Bill Lerach, the famed class action trial lawyer who made a personal fortune representing plaintiffs in securities lawsuits, was sentenced this week to federal prison for conspiracy to obstruct…

Bill Lerach, the famed class action trial lawyer who made a personal fortune representing plaintiffs in securities lawsuits, was sentenced this week to federal prison for conspiracy to obstruct justice in connection with a two-decade scheme of paying individuals to participate as lead plaintiffs in massive class action lawsuits.

In his long and successful career, Lerach has often positioned himself as an advocate for the little guy against the powerful corporations – a refrain frequently sung in the class action lawyer community.  Even since his guilty plea last fall, Bill Lerach has continued to position himself as a “champion of the people” in opinion pieces in The Washington Post and other newspapers.

His rhetoric is what makes his guilty plea so ironic.  Lerach and his former partners at the Milberg Weiss firm were not indicted for defrauding the corporations they sued, but for conspiring to obstruct justice – at the expense of the class members and investors whose interests they claimed to be representing. 

Put more simply: the victims of Lerach’s crimes are his own former clients.

By paying kickbacks to lead plaintiffs recruited by Lerach’s former law firm, the indictment reads, those lead plaintiffs “had a greater interest in maximizing the amount of attorneys’ fees awarded to Milberg Weiss than in maximizing the net recovery to the absent class members or shareholders.” 

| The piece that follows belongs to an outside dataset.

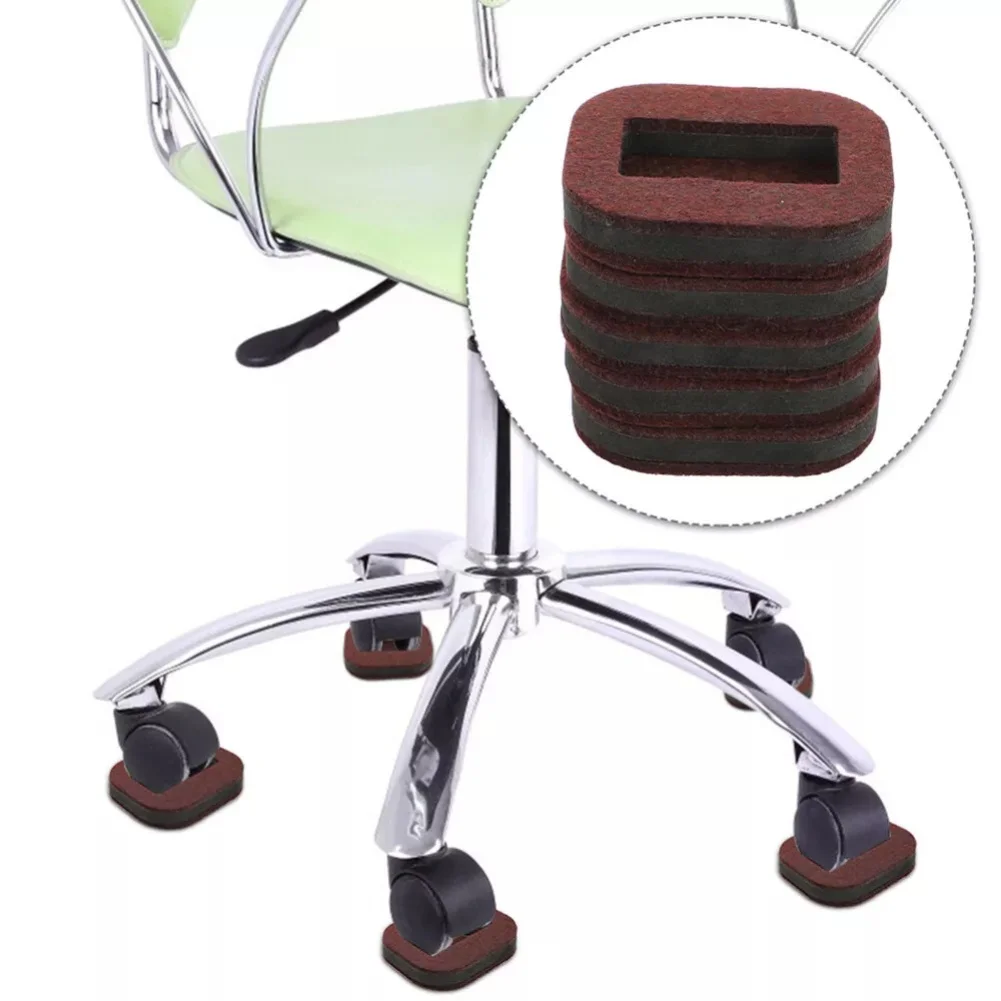 Furniture Office Chair Caster Cups Chair Caster Felt Pad Not Easy To Wear Professional Chair Caster Pad Sturdy Tool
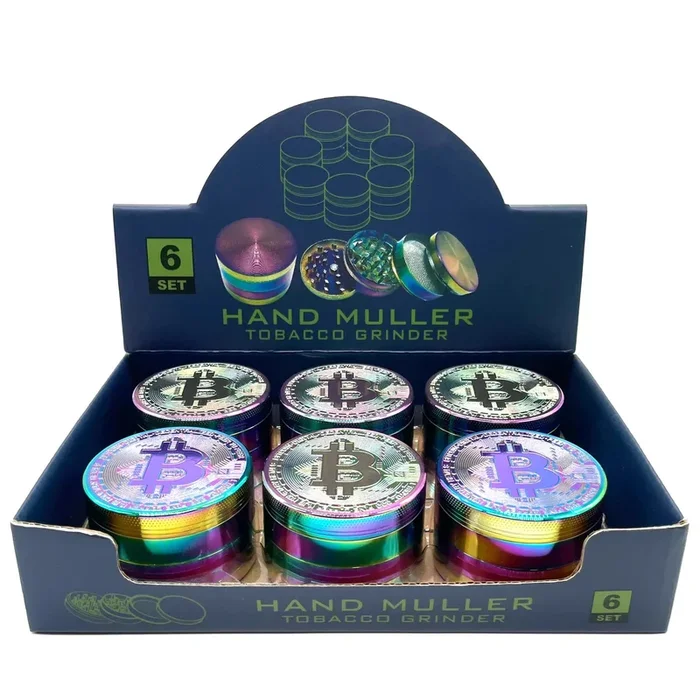Bitcoin – 63mm 4-Pc Herb Grinder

In a civil suit filed last August against Lerach’s former law firm by his former class member clients, the shareholders charged that the firm paid kickbacks and misrepresented their clients’ losses to ensure that the law firm would “keep the lion’s share of the legal fees awarded by the court.”

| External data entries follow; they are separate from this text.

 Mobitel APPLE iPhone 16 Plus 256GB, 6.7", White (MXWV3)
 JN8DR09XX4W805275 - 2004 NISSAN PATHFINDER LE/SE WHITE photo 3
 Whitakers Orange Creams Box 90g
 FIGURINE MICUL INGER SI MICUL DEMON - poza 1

But Lerach isn’t the only high-profile plaintiffs’ trial lawyer in the news recently.

In Kentucky, class action trial lawyers William Gallion, Shirley Cunningham Jr. and Melbourne Mills Jr. are currently being held in the Boone County jail awaiting trial for allegedly stealing $65 million of their clients’ money in a $200 million diet drug settlement.  Former client Patricia Kennedy said, “I guess I’m naïve….  I always believed when you retained a lawyer, they are going to do what is right by you.”

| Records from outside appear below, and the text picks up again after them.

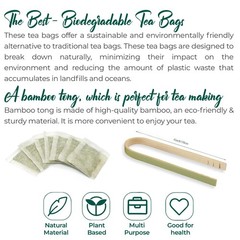 75 Tea Bags – Mullein Leaf, Ginseng, Elderberry, Ginger & Thyme – Lung Cleanse,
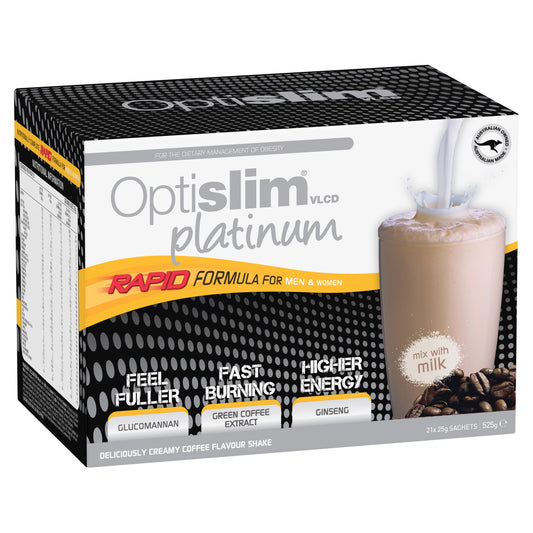 Optislim VLCD Platinum Shake Coffee 25g x21 Pack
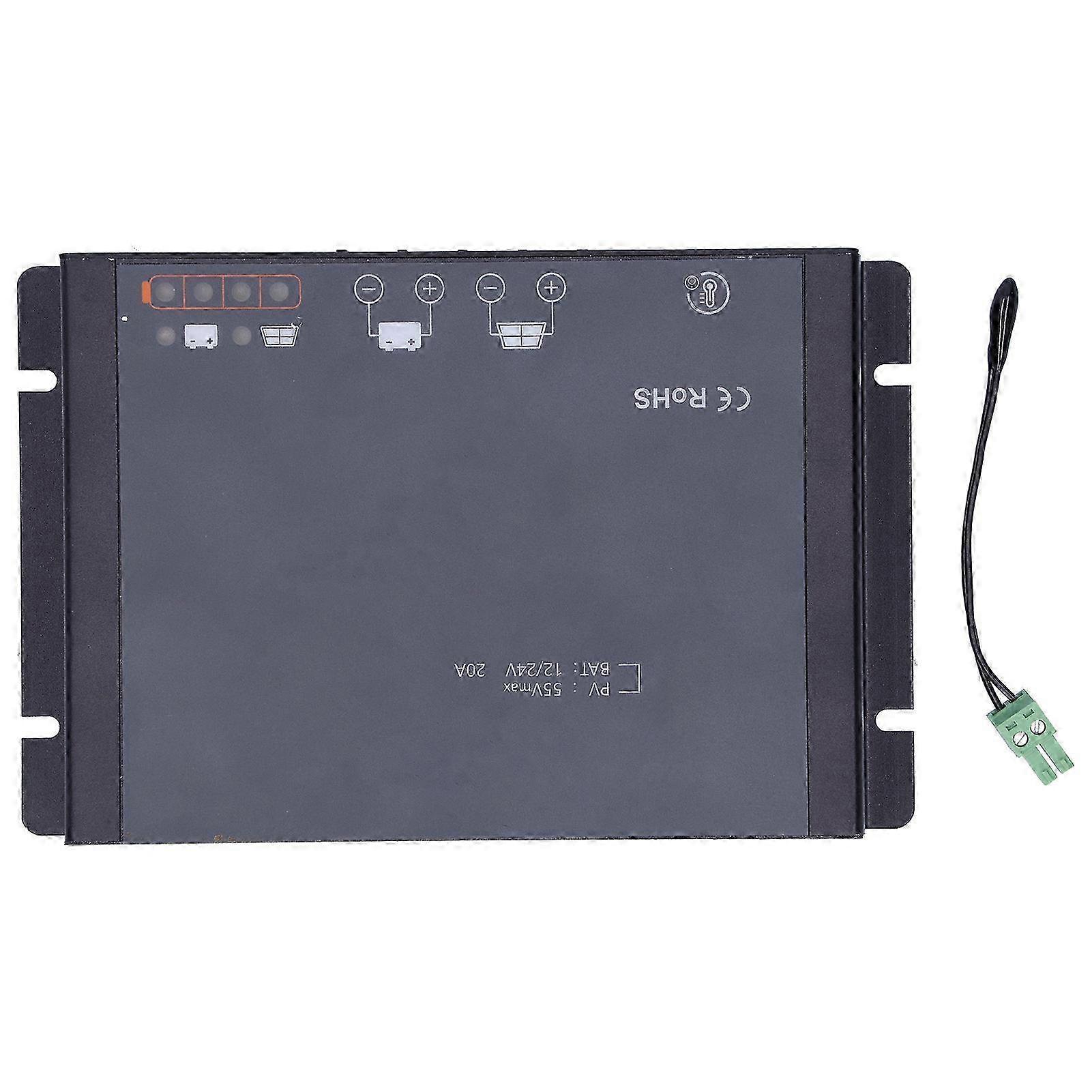 Mppt 20a 12v/24v Bluetooth-solarladeregler, Ip67 Wasserdichter Auto-tracking-laderegler, Optimiertes Photovoltaikmodul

Down in Mississippi, famed class action lawyer Dickie Scruggs will soon go on trial for allegedly seeking to pay a judge to rule his way in a lawsuit over how to divide the legal fees in a class action settlement.  Two other prominent plaintiffs’ attorneys in the state – Joey Langston and Tim Balducci – have already admitted to attempting to bribe judges.

There appears to be an emerging acceptance among some in the plaintiffs’ bar of a culture of greed and corruption, in which actions like those of Lerach and Langston are not considered outside the norm. 

Their rhetoric continues to be about defending clients against the powerful. 

But the reality seems to be, at least in the instances of Lerach and Langston, one of naked self interest.